Chambre 1-11 référés, 27 janvier 2025 — 24/00654
Texte intégral
COUR D'APPEL D'AIX-EN-PROVENCE
Chambre 1-11 référés
ORDONNANCE DE REFERE
du 27 Janvier 2025
N° 2025/001
Rôle N° RG 24/00654 - N° Portalis DBVB-V-B7I-BODP7
S.A.S. BIENVENUE
C/
[B] [H]
Copie exécutoire délivrée
le : 27 Janvier 2025
à :
Me Philippe-Laurent SIDER, avocat au barreau d'AIX-EN-PROVENCE
Me Tony FERRONI de l'AARPI TLM & ASSOCIES, avocat au barreau de TOULON
Prononcée à la suite d'une assignation en référé en date du 29 Novembre 2024.
DEMANDERESSE
S.A.S. BIENVENUE exerçant sous l'enseigne SUPER U, demeurant [Adresse 2]

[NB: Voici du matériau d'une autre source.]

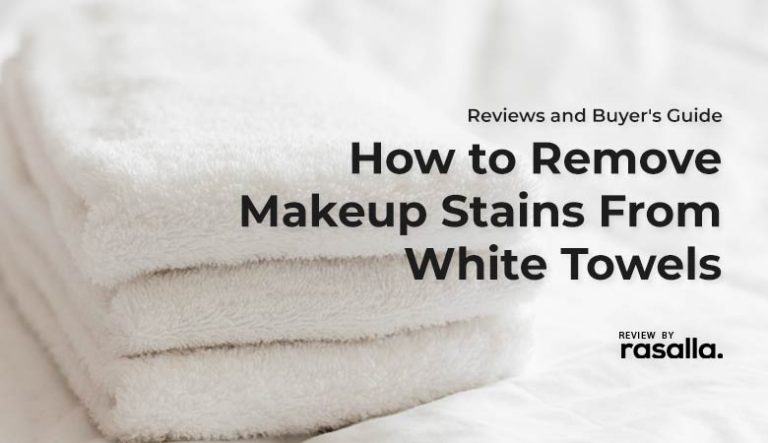 How To Remove Makeup Stains From White Towels? - Rasalla Beauty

représentée par Me Philippe-Laurent SIDER, avocat au barreau d'AIX-EN-PROVENCE substitué par Me Aurélie DRAMARD, avocat au barreau de TOULON
DEFENDERESSE
Madame [B] [H], demeurant [Adresse 1]
représentée par Me Tony FERRONI de l'AARPI TLM & ASSOCIES, avocat au barreau de TOULON, substitué par Me Kassandra LE BRIS, avocat au barreau de TOULON
* * * *
DÉBATS ET DÉLIBÉRÉ
L'affaire a été débattue le 13 Janvier 2025 en audience publique devant
Véronique SOULIER, Présidente de chambre,
déléguée par ordonnance du premier président.
En application des articles 957 et 965 du code de procédure civile
Greffier lors des débats : Cyrielle GOUNAUD.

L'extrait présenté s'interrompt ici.